Servigny ne pouvait revenir de sa surprise; mais quand il se fut rappelé qu'il n'avait jamais connu que le contre-maître et l'intendant de la fabrique de châles où il avait été employé; qu'il n'avait jamais ni vu, ni même entendu nommer le propriétaire de l'établissement, tout ce qui lui paraissait d'abord obscur dans l'exclamation de sir Lambton lui fut enfin expliqué. Il retrouvait en lui un bon et généreux maître, et, pour comble de bonheur, il lui avait sauvé la vie!

—Tout est pour le mieux dans le meilleur des mondes possible, dit un jour sir Lambton à Servigny, car enfin, si, éclairé sur les manœuvres qui ont amené votre renvoi de mon établissement, j'en avais puni les lâches auteurs, il est certain que je ne vous aurais pas rencontré si à propos pour me sauver de la dent et des griffes de ce diable de tigre dont le souvenir me fait encore dresser les cheveux d'horreur!

—C'est pourtant vrai, répond Servigny, et c'est une nouvelle preuve de la bizarrerie de mon destin que de devoir à ce féroce animal l'occasion de me justifier de ma conduite passée, et d'obtenir enfin l'assurance d'une protection que mes longs et fidèles services n'auraient peut-être jamais pu me faire acquérir.

III.—La maison des voleurs.

Sur la route de Normandie, entre Neuilly et Nanterre, il existe une maison d'assez chétive apparence, portant le nº 2.

Cette maison est la première du village de Nanterre dont elle est éloignée de quelques portées de fusil.

Au-dessus de la porte d'entrée de cette maison est placé un tableau, sur lequel un émule des Charlet et des Bellanger a peint un cuirassier, un hussard et un lancier de l'armée impériale, avec ces mots: Aux trois Frères.

Nos lecteurs ont pu voir une enseigne semblable au-dessus de la porte d'un marchand de vins dont l'établissement est situé à Paris, à l'entrée de la rue Beauregard, près la porte Saint-Denis; c'est que la maison dont nous parlons appartient au sieur Favre, un vieux de la vieille, qui sert Bacchus après avoir servi Mars avec honneur et gloire, et n'est autre chose qu'une succursale champêtre de la maison de Paris.

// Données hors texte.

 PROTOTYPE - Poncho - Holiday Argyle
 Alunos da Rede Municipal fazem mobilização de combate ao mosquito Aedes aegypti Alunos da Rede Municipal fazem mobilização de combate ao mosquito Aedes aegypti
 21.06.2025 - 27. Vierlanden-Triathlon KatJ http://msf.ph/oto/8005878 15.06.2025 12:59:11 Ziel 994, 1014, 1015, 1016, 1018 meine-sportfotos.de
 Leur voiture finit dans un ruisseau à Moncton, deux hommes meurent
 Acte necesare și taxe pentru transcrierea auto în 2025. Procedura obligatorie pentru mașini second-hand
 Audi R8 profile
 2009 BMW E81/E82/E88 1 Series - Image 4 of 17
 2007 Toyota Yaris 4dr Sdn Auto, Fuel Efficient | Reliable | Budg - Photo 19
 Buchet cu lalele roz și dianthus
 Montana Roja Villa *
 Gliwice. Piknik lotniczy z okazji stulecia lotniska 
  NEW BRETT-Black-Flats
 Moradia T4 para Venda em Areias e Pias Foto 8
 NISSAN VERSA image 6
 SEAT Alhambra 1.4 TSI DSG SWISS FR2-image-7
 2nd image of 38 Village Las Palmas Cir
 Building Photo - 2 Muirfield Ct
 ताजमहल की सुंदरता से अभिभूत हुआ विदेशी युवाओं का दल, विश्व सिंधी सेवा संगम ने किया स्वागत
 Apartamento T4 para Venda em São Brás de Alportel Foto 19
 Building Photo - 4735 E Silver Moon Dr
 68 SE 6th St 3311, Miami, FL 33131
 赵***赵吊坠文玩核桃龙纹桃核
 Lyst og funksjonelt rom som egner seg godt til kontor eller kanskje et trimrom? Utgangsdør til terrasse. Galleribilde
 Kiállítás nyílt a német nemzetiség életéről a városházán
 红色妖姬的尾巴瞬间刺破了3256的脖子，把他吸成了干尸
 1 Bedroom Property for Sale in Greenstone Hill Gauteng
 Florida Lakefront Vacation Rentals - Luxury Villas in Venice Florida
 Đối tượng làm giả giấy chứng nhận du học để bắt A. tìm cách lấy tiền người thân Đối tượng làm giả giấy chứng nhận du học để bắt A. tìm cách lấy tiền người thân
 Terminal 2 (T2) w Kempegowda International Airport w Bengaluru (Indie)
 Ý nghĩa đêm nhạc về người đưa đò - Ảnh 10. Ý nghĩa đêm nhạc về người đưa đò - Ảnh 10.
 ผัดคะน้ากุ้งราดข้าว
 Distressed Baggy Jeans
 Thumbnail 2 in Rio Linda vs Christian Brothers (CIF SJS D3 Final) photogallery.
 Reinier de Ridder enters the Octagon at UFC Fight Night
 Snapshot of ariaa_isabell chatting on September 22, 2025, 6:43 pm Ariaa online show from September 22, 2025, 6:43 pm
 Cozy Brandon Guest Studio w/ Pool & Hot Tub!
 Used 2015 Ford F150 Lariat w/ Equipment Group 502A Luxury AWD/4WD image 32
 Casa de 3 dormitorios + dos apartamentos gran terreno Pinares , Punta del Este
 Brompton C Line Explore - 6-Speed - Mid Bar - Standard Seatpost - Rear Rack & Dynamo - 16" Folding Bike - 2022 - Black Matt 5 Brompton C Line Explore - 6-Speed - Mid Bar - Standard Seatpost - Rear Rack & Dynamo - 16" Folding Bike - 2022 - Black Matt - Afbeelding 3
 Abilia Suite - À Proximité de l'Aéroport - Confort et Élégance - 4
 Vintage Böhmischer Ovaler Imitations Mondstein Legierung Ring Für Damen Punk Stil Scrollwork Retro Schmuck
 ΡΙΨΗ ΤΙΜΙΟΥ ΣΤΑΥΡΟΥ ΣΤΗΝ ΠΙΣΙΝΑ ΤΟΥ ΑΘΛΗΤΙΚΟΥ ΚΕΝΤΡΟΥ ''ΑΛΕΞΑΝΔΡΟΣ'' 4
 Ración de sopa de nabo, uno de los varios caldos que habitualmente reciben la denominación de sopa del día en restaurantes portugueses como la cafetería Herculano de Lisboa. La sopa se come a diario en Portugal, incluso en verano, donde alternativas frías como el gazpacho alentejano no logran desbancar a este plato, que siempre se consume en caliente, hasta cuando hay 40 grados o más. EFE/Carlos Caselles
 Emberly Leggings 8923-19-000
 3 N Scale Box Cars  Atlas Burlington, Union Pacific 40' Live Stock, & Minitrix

Si, désirant visiter la maison en question, vous priez un habitant du pays de vous indiquer le cabaret des Trois frères, il est possible qu'il ne sache que vous répondre, mais si vous lui demandez la Maison des Voleurs, il vous indiquera de suite le plus court chemin pour vous y rendre.

N'allez pas croire cependant que le cabaret des Trois Frères, ou plutôt la Maison des Voleurs, puisque c'est sous ce nom que cet établissement est généralement connu, est un de ces lieux devant lesquels il faut passer sans s'arrêter; la Maison des Voleurs est un cabaret honnête, tenu par un cabaretier honnête homme, et fréquentée seulement par d'honnêtes ivrognes: d'où lui vient donc le nom quelque peu sinistre que nous lui connaissons?